Städtische Außenbezirke stehen im Mittelpunkt

SHB-Student ist erster Stadtteilmanager einer deutschen Großstadt

Viele europäische Großstädte sind von einer polyzentrischen Struktur gekennzeichnet, bei der es neben einem Stadtkern Stadtteile gibt, die über ein gewachsenes Zentrum verfügen. Für die ansässigen Bürger bilden sie ein wohnungsnahes Angebot an Einzelhandel und Gewerbe zur Grundversorgung. Doch sie sind von einer zunehmenden Abwanderung des Einzelhandels betroffen. Wie man dieser Tendenz entgegentreten und was man tun kann, um solche Bezirke wirtschaftlich zu beleben, das sind die Fragen, mit denen sich Torsten von Appen, Student der Steinbeis-Hochschule Berlin und Stadtteilmanager in Stuttgart, in seinem Bachelor-Projekt beschäftigt.

Ausgelöst wurde der Strukturwandel in den städtischen Bezirken durch eine Veränderung des Käuferverhaltens.

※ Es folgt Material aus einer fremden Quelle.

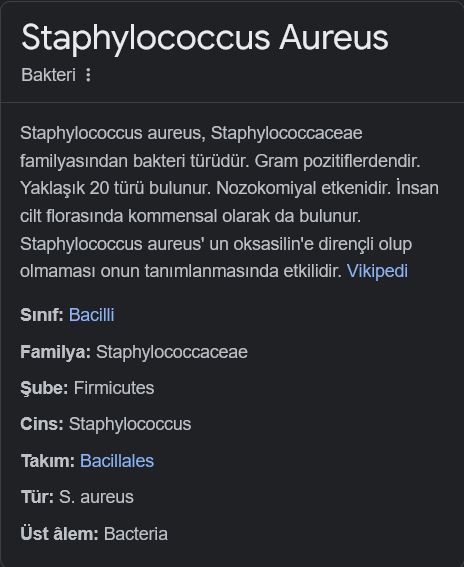 Staphylococcus aureus nedir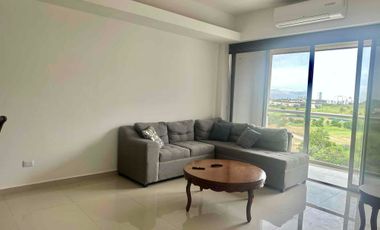 Renta Marina Platino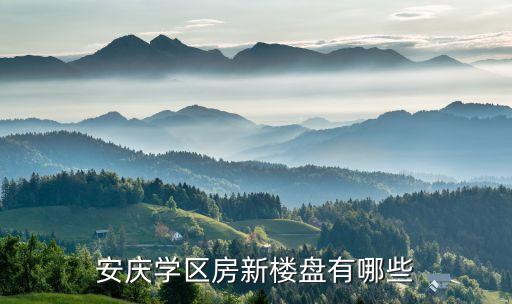 安庆学区房新楼盘有哪些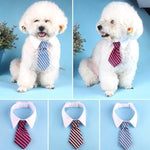 Fashion Windsor Ties for Pets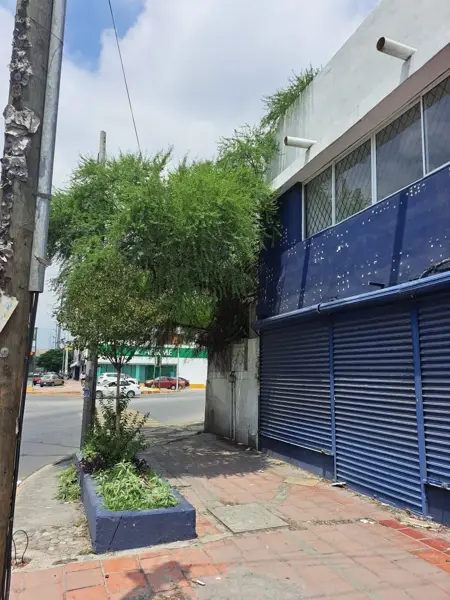 Local en renta en Treviño, Monterrey — foto 2 de 23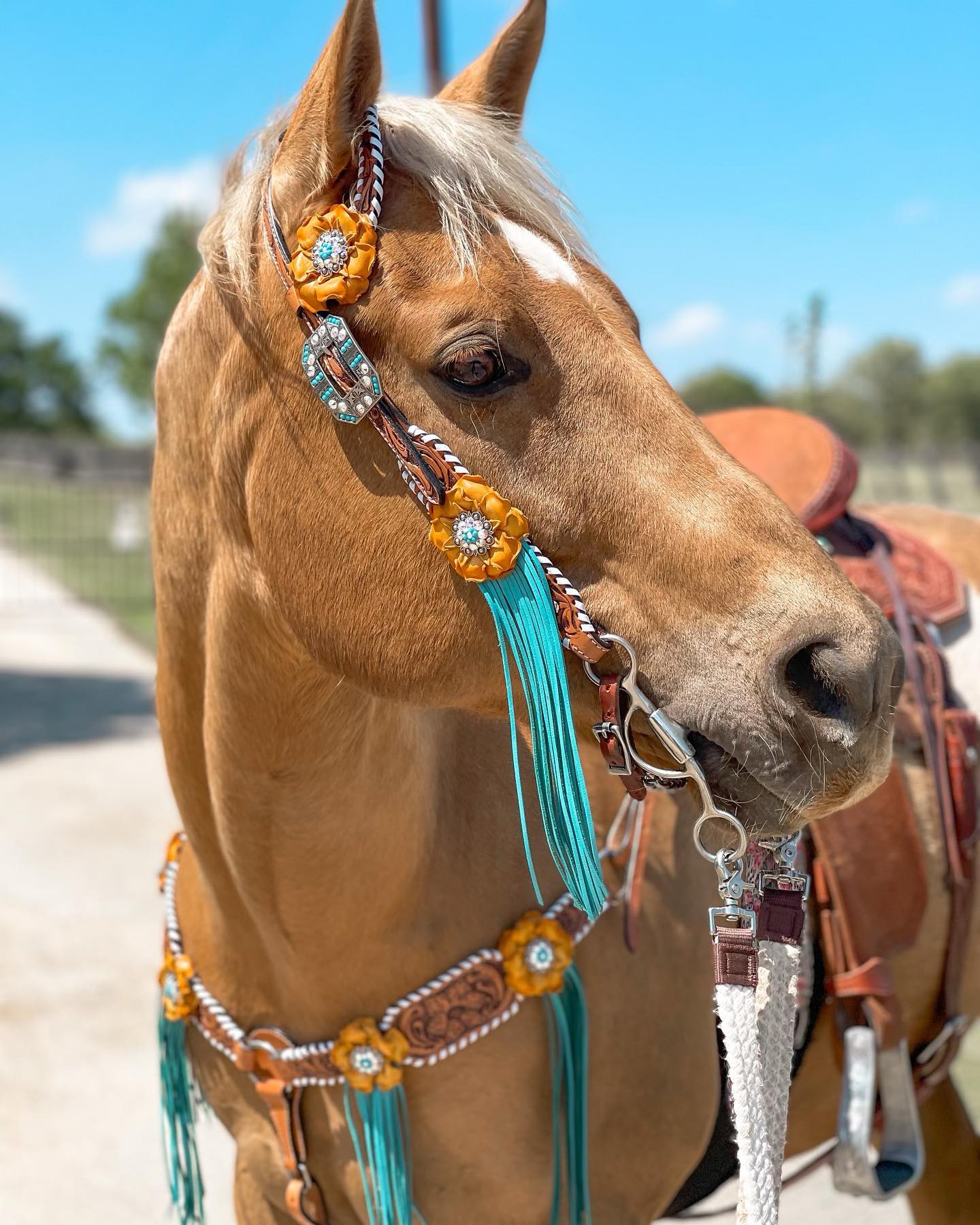 White Whipstitch Yellow and Turquoise Browband/One Ear Headstall &amp; Breastcollar Tack Set 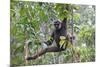 Bornean White-Bearded or Agile Gibbon, (Hylobates Albibarbis) in Tree, South West Borneo-Mark Taylor-Mounted Photographic Print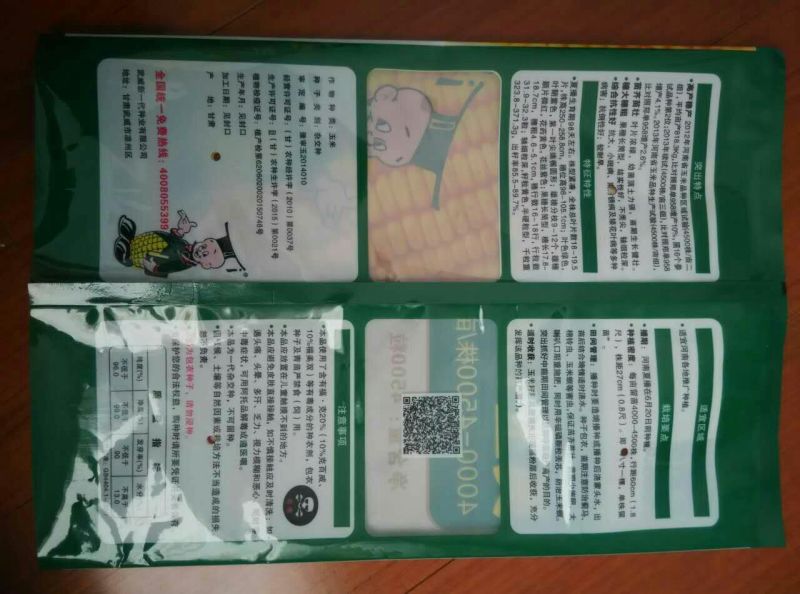 玉米种子
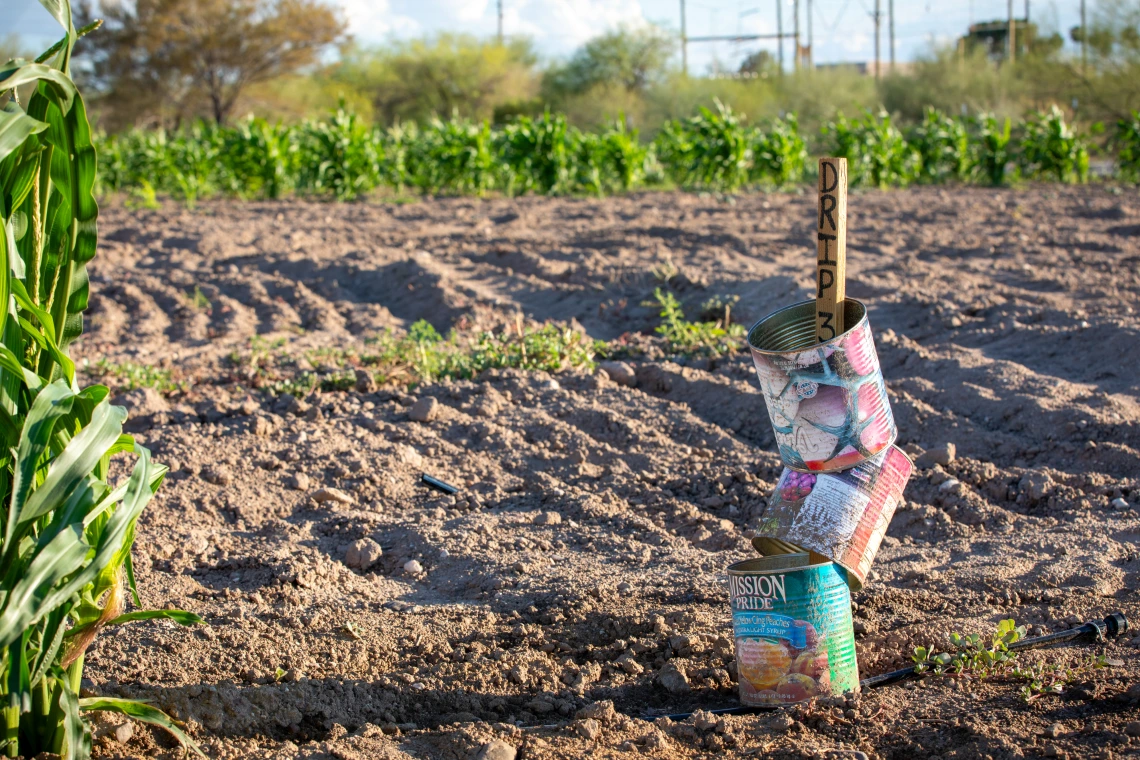 Gallon cans threaded on stake marked "Drip 3"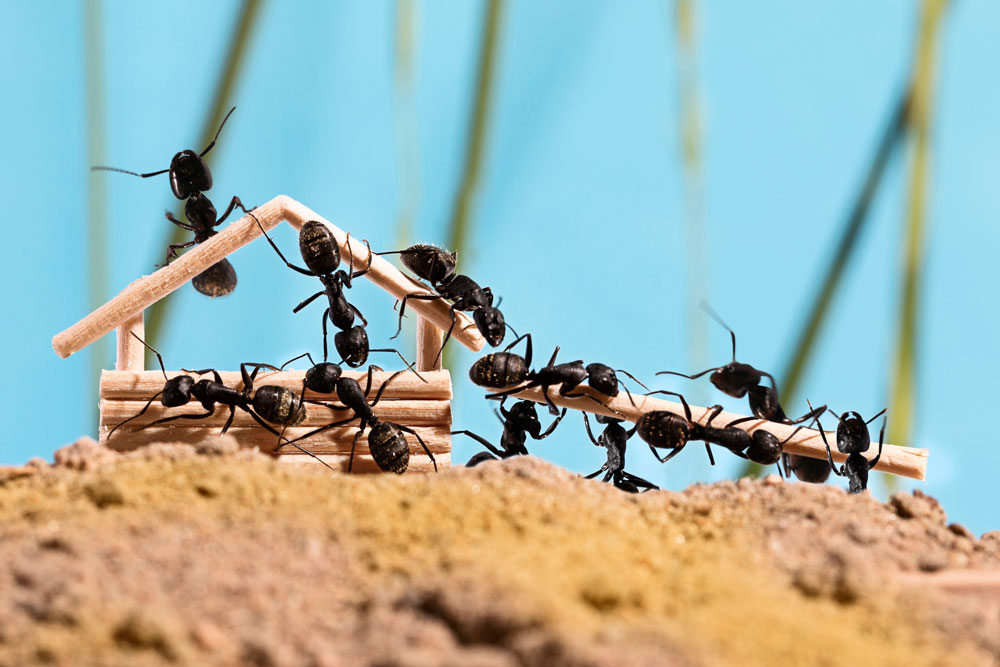 Ants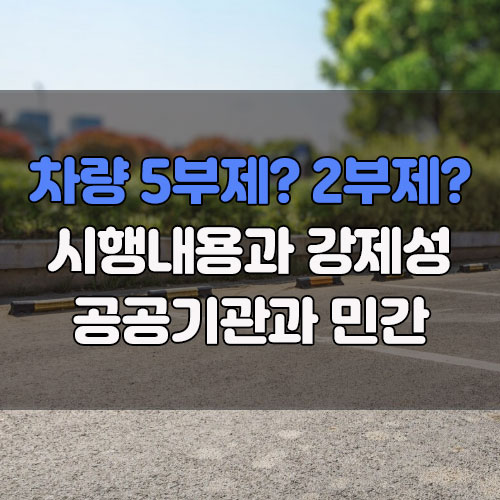 차량2부제 5부제 차이 시행 강제서 공공기관 공영주차장 주차 01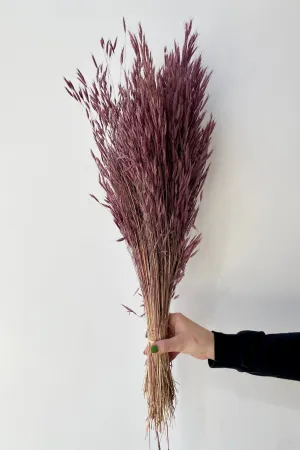 Bromus Mini Plum Color Preserved Bunch indoor houseplants  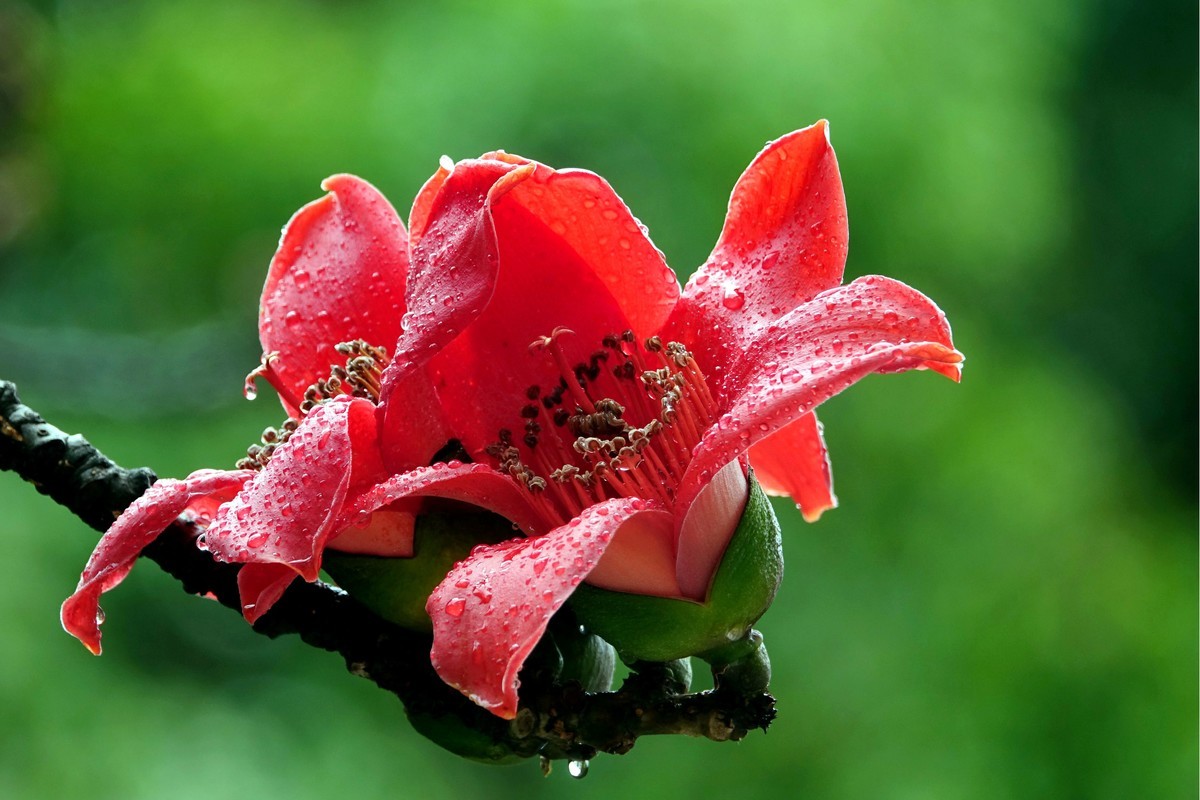 雨后的红棉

Zwei Trends lassen sich als Hauptursachen erkennen: zum einen findet eine Verlagerung der Kaufprioritäten auf die grüne Wiese oder ins Umland und zum anderen eine Entwicklung zum Erlebniskauf in den Innenstädten statt. Neue Vertriebsformen und die Marktmacht großer preisaggressiver Betriebsformen wie beispielsweise Discounter setzen Einzelhandel und Handwerk unter Druck. In den Stadtteilzentren sind es meistens nur noch die größeren Unternehmen, die wirtschaftlich arbeiten können. Kleinere und mittelständische Unternehmen sind zunehmend in ihrer Existenz bedroht oder bereits abgewandert.

Torsten von Appen ist der erste Stadtteilmanager von Stuttgart und kümmert sich bei der Wirtschaftsförderung Stuttgart seit 2007 um die Belange der Außenbezirke der Landeshauptstadt. In seinem Bachelor-Projekt erarbeitet er ein Konzept für die wirtschaftliche Belebung von vier Pilotstadtteilen: Stammheim gemeinsam mit Zuffenhausen, Weilimdorf, Plieningen/Birkach und die Gemeinschaften Obertürkheim, Untertürkheim, Hedelfingen und Wangen.

Von Appen gründet seine Projektarbeit auf vier Säulen: seine Lotsenfunktion, die Schaffung einer Kommunikationsplattform, das Leerstandsmanagement und die EU-Förderung. Als Lotse möchte er Kontakte in der Verwaltung vermitteln, Synergien bündeln und Ansprechpartner zwischen Gewerbetreibenden und Verwaltung sein. Ein weiterer wichtiger Baustein ist das Leerstandsmanagement. Derzeit werden sämtliche leerstehende Geschäftsräume in den Pilotbezirken erhoben, fotografiert, beschrieben und in eine Datenbank eingepflegt. In Zusammenarbeit mit dem Statistischen Amt fließen dabei auch die Ergebnisse einer Bürgerbefragung mit ein. Ebenso eine Rolle spielen Zu- beziehungsweise Abfluss der Kaufkraft in den jeweiligen Stadtbezirken, die ebenfalls erhoben werden. Hierfür ist die enge Zusammenarbeit mit dem Baurechtsamt und den Stadtplanern notwendig.

Die Strategie soll sich auch auf andere Stadtteile übertragen lassen. Da Großstädte anderer europäischer Länder in ihren Stadtteilen mit ähnlichen Strukturproblemen konfrontiert sind, hat die Wirtschaftsförderung als Leadpartner gemeinsam mit anderen deutschen und europäischen Städten sowie Universitäten im Oktober 2008 den Zuschlag für ein Europaprojekt erhalten. Das EU-Programm INTERREG IVB MANDIE – District Centre Management in North West Europe sieht die Förderung transnationaler Maßnahmen vor, die wirtschaftliche und soziale Leistungsfähigkeit von Städten, Gemeinden und ländlichen Gebieten, einschließlich des lokalen und regionalen Wirtschaftspotentials, steigern.